A escritora cumpriu os ritos: tomou a sopa com os imortais, fez a fotografia oficial, preparou discurso e foi conduzida ao salão nobre pelas imortais Rosiska Darcy de Oliveira, Fernanda Montenegro e Miriam Leitão. Eram seis as imortais mulheres na cerimônia. A plateia era de maioria negra.
Após o lançamento de “Ao Lado e à Margem do que Sentes por Mim”, em 2002, Ana Maria Gonçalves se dedicou a escrever “Um Defeito de Cor” durante cinco anos, dois deles foram de pesquisa, outro de escrita e outros dois ed reescrita.
O resultado das 952 páginas é uma história que contempla a vida de Kehinde como símbolo de milhões de vítimas sequestradas na África e escravizadas no Brasil. Kehinde vive em busca do filho perdido, Omotunde. A trama é inspirada em Luiza Mahin e o filho Luiz Gama.
“Nossos arquivos são muito masculinos, muito brancos, muito ocidentais. A literatura faz as vezes da memória e da história, e a Ana conta muitas histórias no seu livro”, afirmou a historiadora Lilia Schwarcz nesta sexta.
“Estamos vivendo o luto dos complexos do Alemão e da Penha e a gente pode considerar que Kehinde talvez seja uma dessas mulheres negras que perdeu um filho. A Folha mostrou que a maior parte dos mortos tinha apenas a descendência feminina [não tinham registro paterno na identidade]. Essas mães perdem os filhos, procuram seus filhos, mas não perdem a esperança.”
Mais de 200 mil exemplares de “Um Defeito de Cor” foram vendidos até hoje. Após publicação do livro em 2006, a Ana Maria Gonçalves diz ter travado no processo de escrita durante sete anos. A autora mineira focou no teatro e na publicação de contos nos Estados Unidos e Europa. Pretende publicar uma nova leva de obras em breve.

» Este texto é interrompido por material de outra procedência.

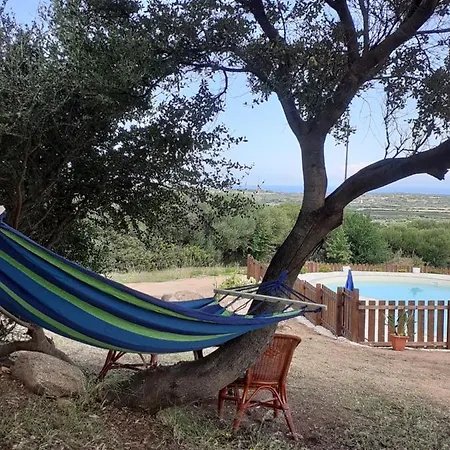 펜션 Gli Olivastri Raggio Di Sole , Con Piscina E Vista Mare ,climatizzatore,wifi 아글리엔투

Em votação da Folha com 101 especialistas convidados, “Um Defeito de Cor” foi escolhido como o melhor livro de literatura brasileira do século 21.
Antes de Ana Maria Gonçalves, ocuparam a cadeira 33 Domício da Gama, que morreu aos 63 anos, Fernando Magalhães, morto aos 66, Luís Edmundo, aos 83, Afrânio Coutinho, aos 89, e Evanildo Bechara, aos 97 anos.
“Como podemos ver, há uma progressão. Rumo à verdadeira imortalidade”, brincou Gonçalves.